Given input/output training data $(u_0,y_0)$, $\ldots$, $(u_{N-1},y_{N-1})$, $u_k\in R^{n_u}$, $y_k\in R^{n_y}$, we want to identify a state-space model in the following form

$$        x_{k+1}=Ax_k+Bu_k$$

$$        \hat y_k=Cx_k+Du_k $$

where $k$ denotes the sample instant, $x_k\in R^{n_x}$ is the vector of hidden states, and
$A,B,C,D$ are matrices of appropriate dimensions to be learned.

The training problem to solve is

$$\min_{z}r(z)+\frac{1}{N}\sum_{k=0}^{N-1} \|y_{k}-Cx_k-Du_k\|_2^2$$

$$\mbox{s.t.}\ x_{k+1}=Ax_k+Bu_k, \ k=0,\ldots,N-2$$

where $z=(\theta,x_0)$ and $\theta$ collecting the entries of $A,B,C,D$.

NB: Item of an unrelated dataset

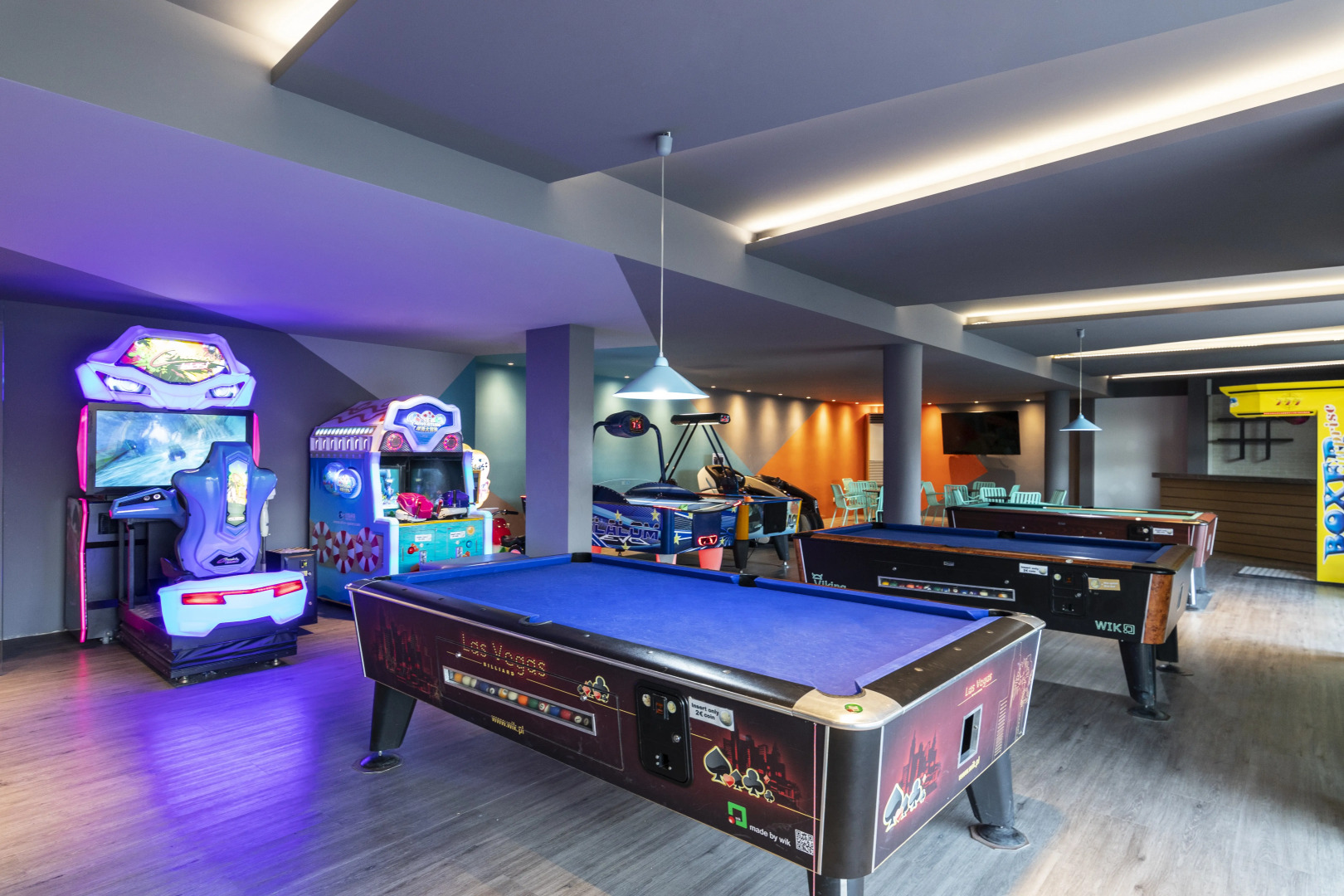 Eden Roc Resort Hotel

The regularization term $r(z)$ includes the following components:

$$\frac{1}{2} \rho_{\theta} \|\theta\|_2^2 $$

$$\rho_{x_0} \|x_0\|_2^2$$

$$\tau \left\|z\right\|_1$$

$$\tau_g\sum_{i=1}^{n_u} \|I_iz\|_2$$

with $\rho_\theta>0$, $\rho_{x_0}>0$, $\tau\geq 0$, $\tau_g\geq 0$. See examples below.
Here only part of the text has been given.